Des enfants, assis autour d’une table, tissent à l’aiguille avec l’aide d’une éducatrice du NCC. Gracieuseté de la Bibliothèque et Archives nationales du Québec (BAnQ)/Conrad Poirier.

Désormais, c’est à la communauté de se retrousser les manches, explique pour sa part le président de la Table ronde du Mois de l’histoire des Noirs, Michael Farkas.

Celui qui a fréquenté le NCC comme membre dans les années 80 a confiance que le CCAD et la Ville seront en mesure de concevoir un projet qui répond aux besoins de la communauté tout en respectant l’esprit et la mission du centre.

C’est un maudit beau cadeau de Noël!

Michael Farkas, président de la Table ronde du Mois de l’histoire des Noirs

Centre de mémoire et de documentation, salle de réception, locaux communautaires: Michael Farkas rêve en grand et espère que le nouveau centre perdurera. «C’est pour nos petits-enfants», résume-t-il.

Par ailleurs, il espère que le projet aura une vocation culturelle est très importante en raison du déficit d’espace dédié à la culture noire Montréalaise.

Une histoire riche et tumultueuse

Institution emblématique du quartier – et pour l’ensemble de la communauté noire montréalaise – le NCC était le «poumon» de la Petite-Bourgogne, explique Michael Farkas.

Fondé en 1927, le centre venait en aide aux gens dans le besoin, offrant nourriture et vêtements ainsi que du soutien en matière d’emploi, d’immigration et de logement.

Au sommet de sa popularité, dans les années 50 et 60, le centre était un «pôle d’attraction culturel et communautaire», ajoute-t-il. Des gens venaient de partout, dont des États-Unis, pour s’y rassembler et y voir jouer des musiciens de renom comme Oscar Peterson et Oliver Jones.

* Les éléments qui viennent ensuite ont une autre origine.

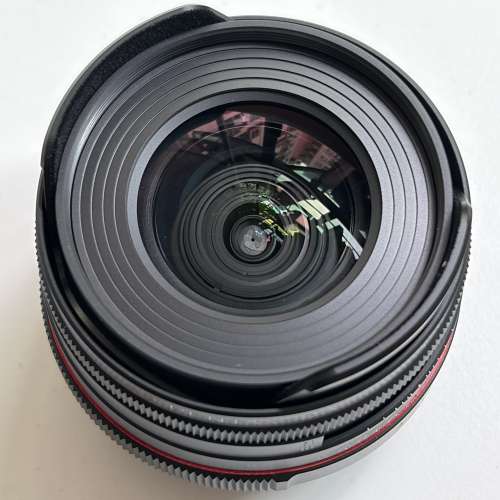 Pentax HD DA 15mm f4 AL and HD 77mm f1.8 silver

Un déclin progressif des activités du NCC mène à sa fermeture définitive en 1993. La réorganisation urbaine de la Petite-Bourgogne dans les années 60 et 70, au premier chef la destruction de logements pour la construction de l’autoroute Ville-Marie, avait entrainé un exode de la population noire vers d’autres quartiers de la Ville.

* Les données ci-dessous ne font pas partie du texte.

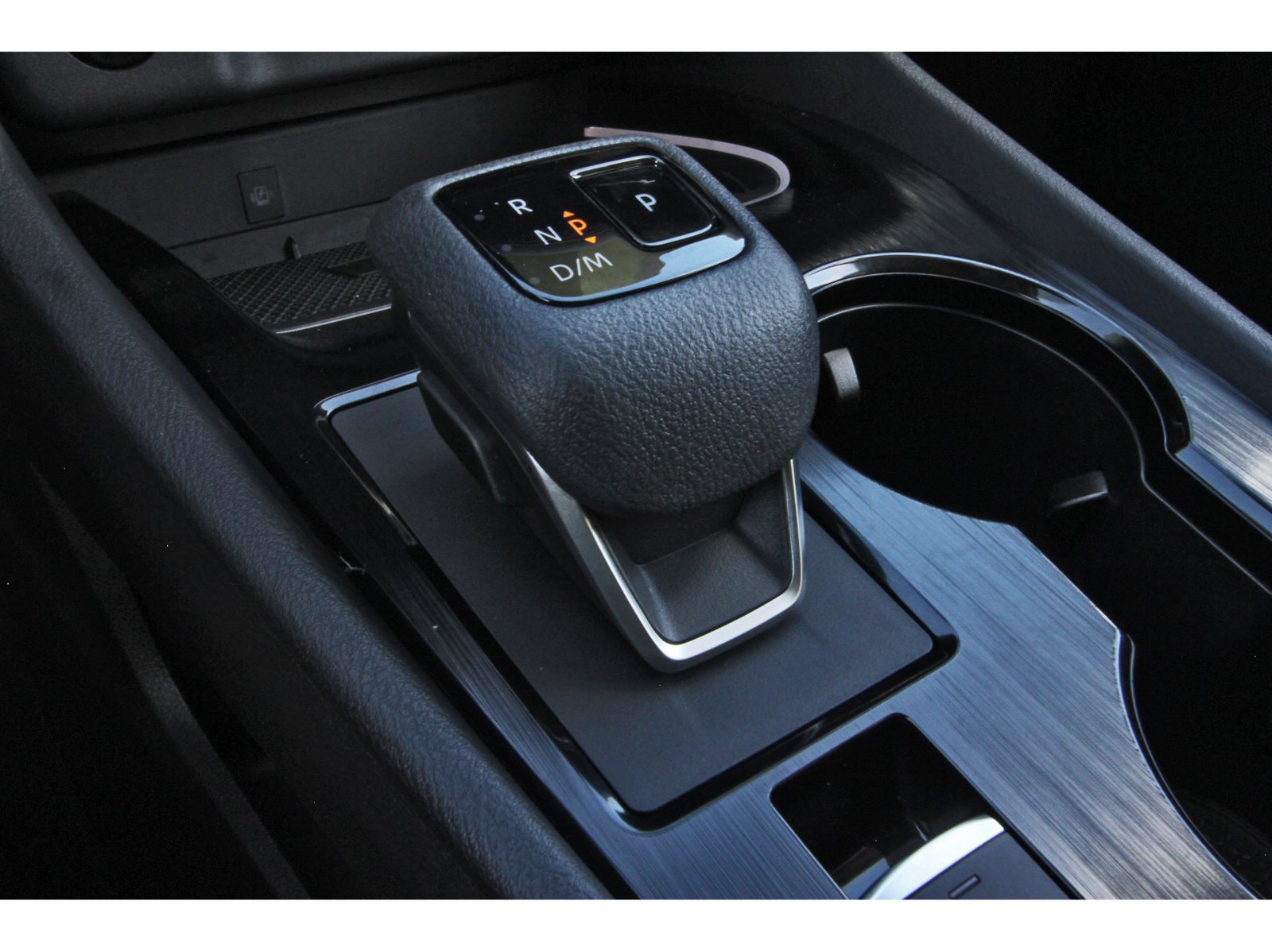 Certified 2025 Nissan Rogue SL w/ SL Premium Package FWD image 29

Un jeune joue au tennis de table au Negro Community Center. Gracieuseté de la Bibliothèque et Archives nationales du Québec (BAnQ)/Conrad Poirier.

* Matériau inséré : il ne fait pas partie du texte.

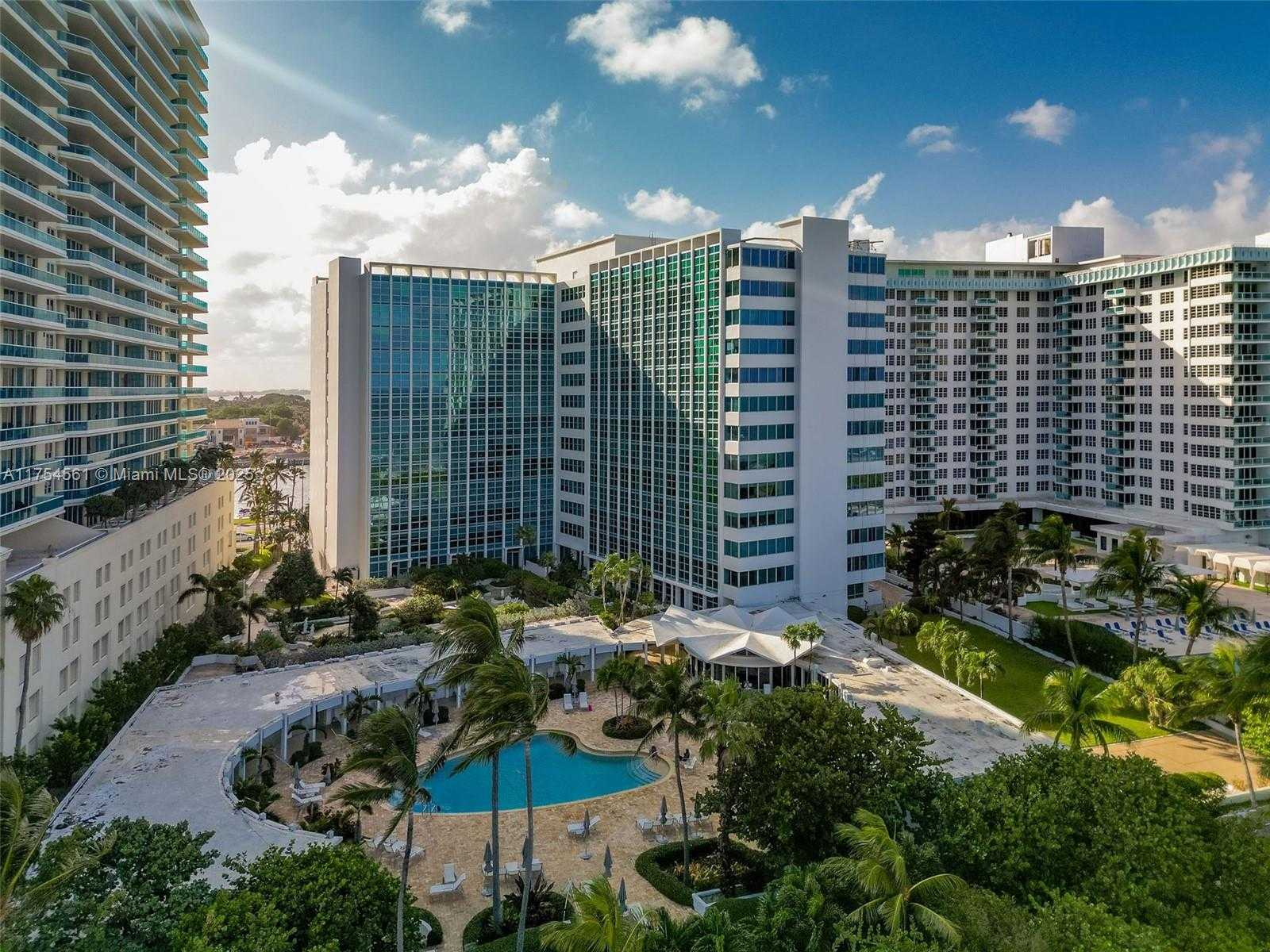 Small Image of 5055 #8H, Miami Beach Number 25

Malgré une forte opposition de la communauté et de la Ville, l’église West End Methodist, qui hébergeait le NCC a été détruite en 2014 par son nouveau propriétaire, 9289-5929 Québec inc. Le bâtiment était déjà dans un état de décrépitude avancé, un mur complet s’étant effondré en avril de la même année.

Le promoteur a par la suite tenté d’exploiter le terrain de diverses façons, mais l’Arrondissement du Sud-Ouest refusait de changer le zonage s’il «ne développait pas du logement abordable ou un projet à vocation communautaire», précise Benoit Dorais.

Cet automne, après une transaction immobilière avortée entre deux parties privées, 9289-5929 Québec inc. a finalement accepté de vendre le terrain à la Ville.

Le président de 9289-5929 Québec inc., Paul Sen Chher, n’a pas voulu commenter la vente.